What needs to be done → From the line that holds "Rubbermaid Adjustable Cutlery" to the end of the records, reproduce every line exactly. No pictures.

***

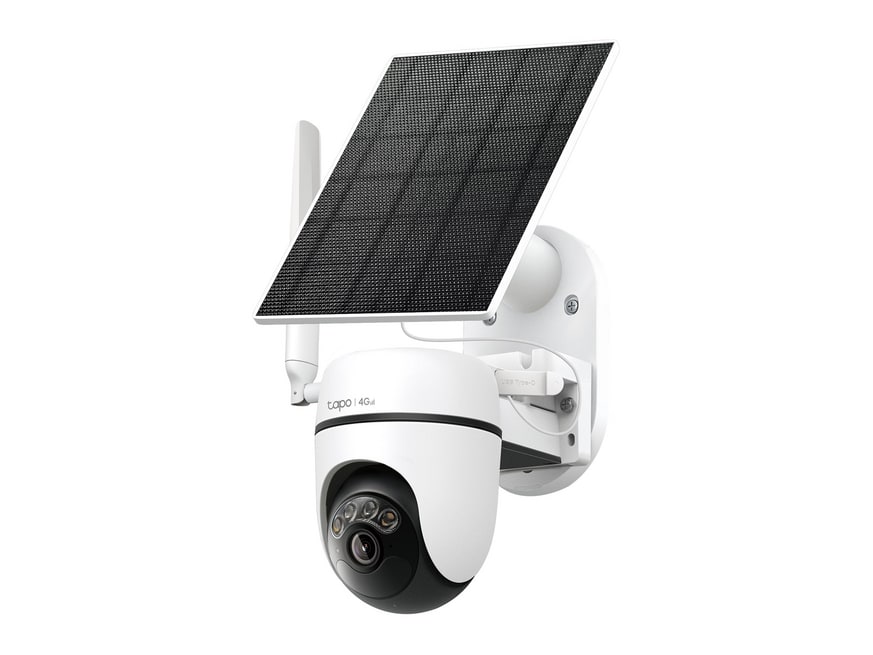 TP-Link - Tapo C615G KIT Solar-Powered Pan/Tilt 4G LTE Security Cameras
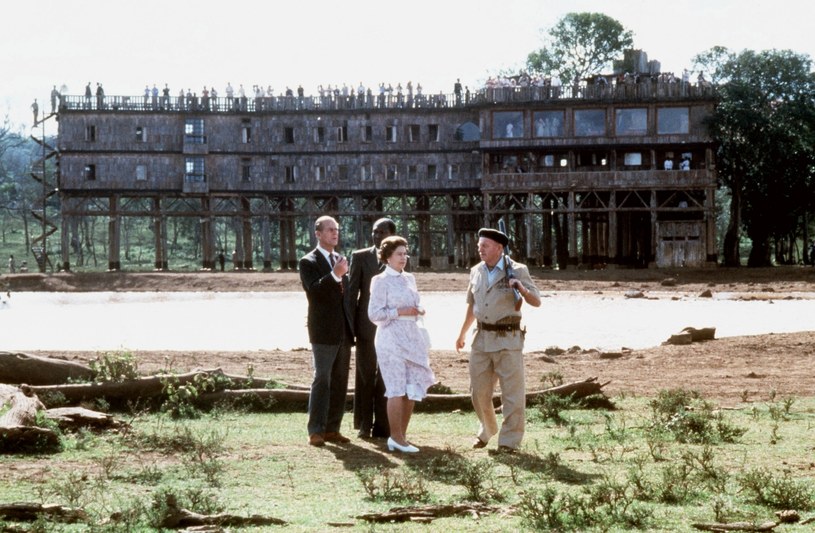 Królowa Elżbieta II i książę Filip ponownie odwiedzili Treetops w 1983 roku /Getty Images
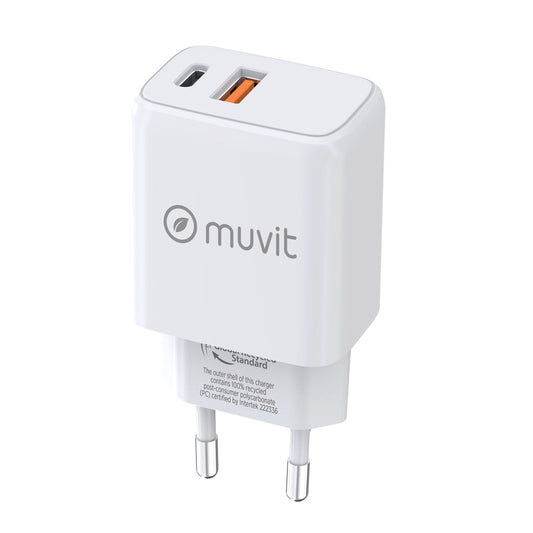 Wall Charger Muvit for Change White 18 W 20 W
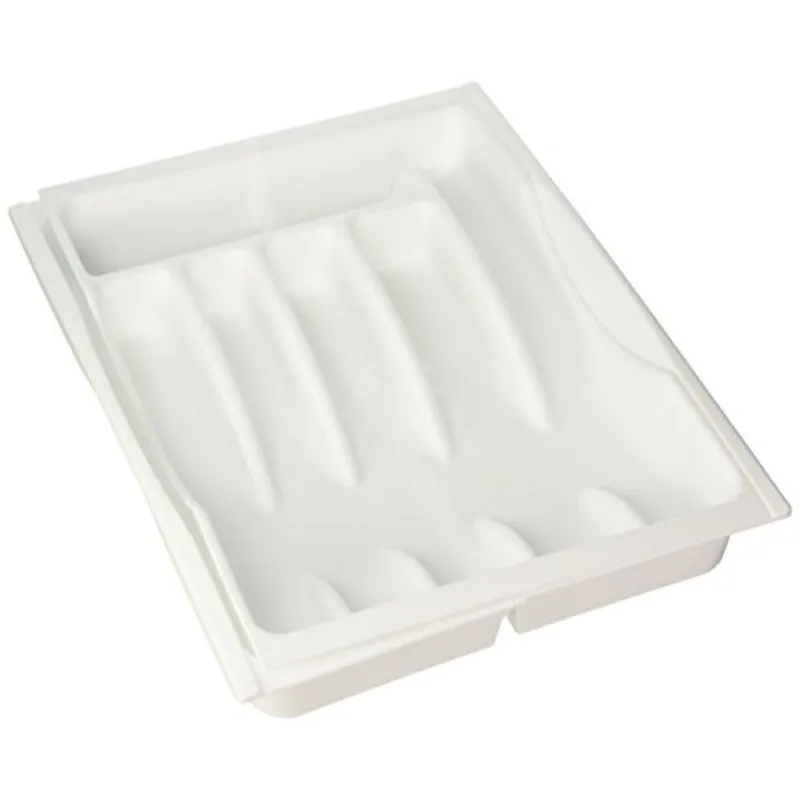 Rubbermaid Adjustable Cutlery Tray, White Wholesale Tradeling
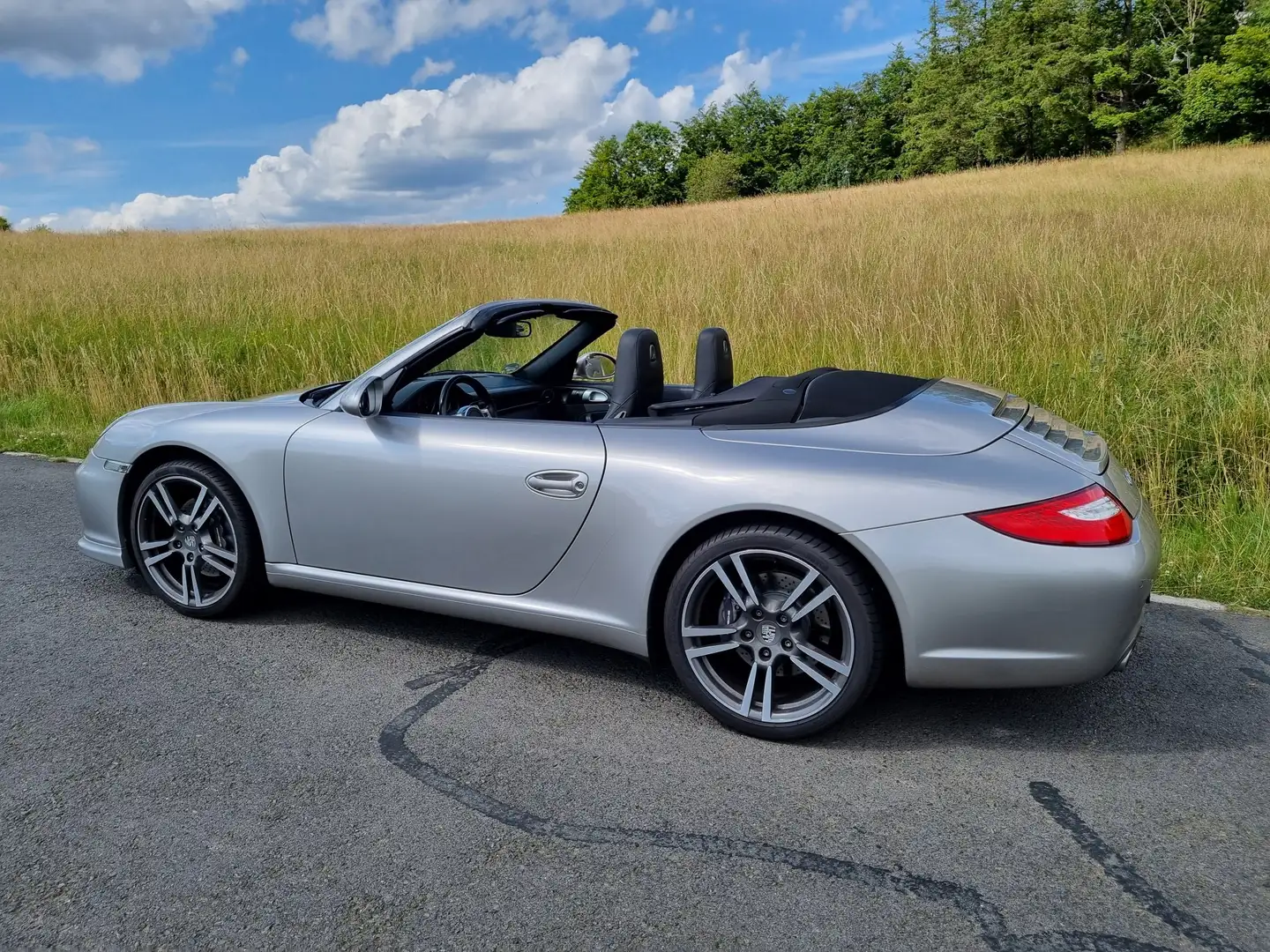 Porsche 997 Carrera 997.2 Cabriolet PDK Silber - 2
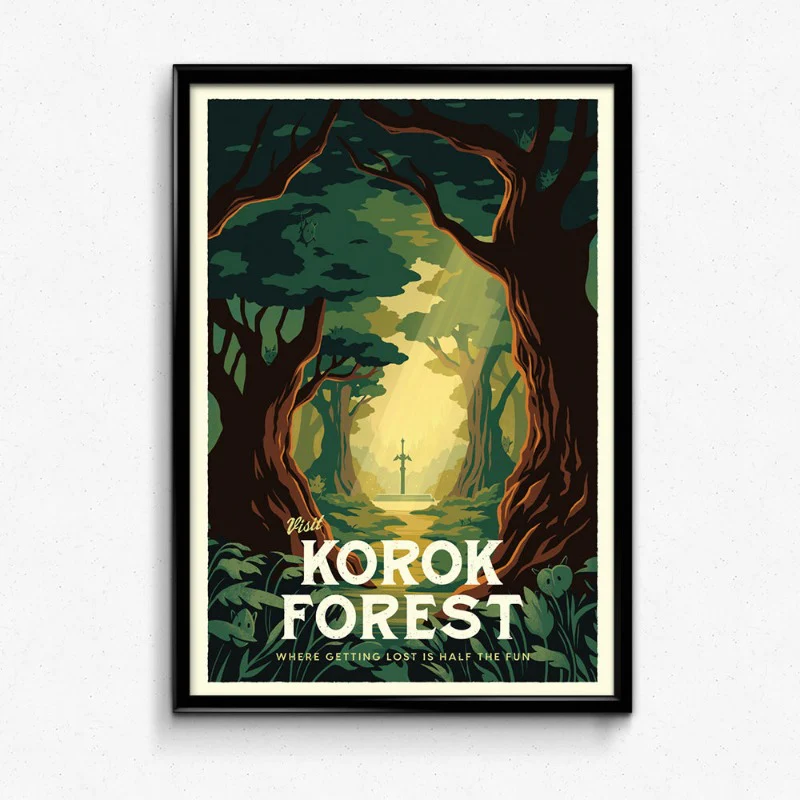 Legend of Zelda Travel Poster Bundle (Set of 6) - Image 4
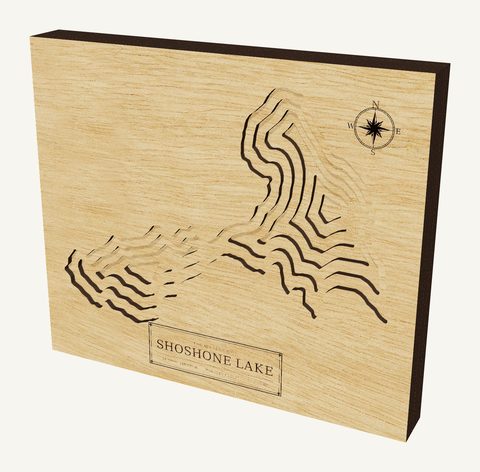 Shoshone Lake wood map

***

Response to the exercise →
 Rubbermaid Adjustable Cutlery Tray, White Wholesale Tradeling
 Porsche 997 Carrera 997.2 Cabriolet PDK Silber - 2
 Legend of Zelda Travel Poster Bundle (Set of 6) - Image 4
 Shoshone Lake wood map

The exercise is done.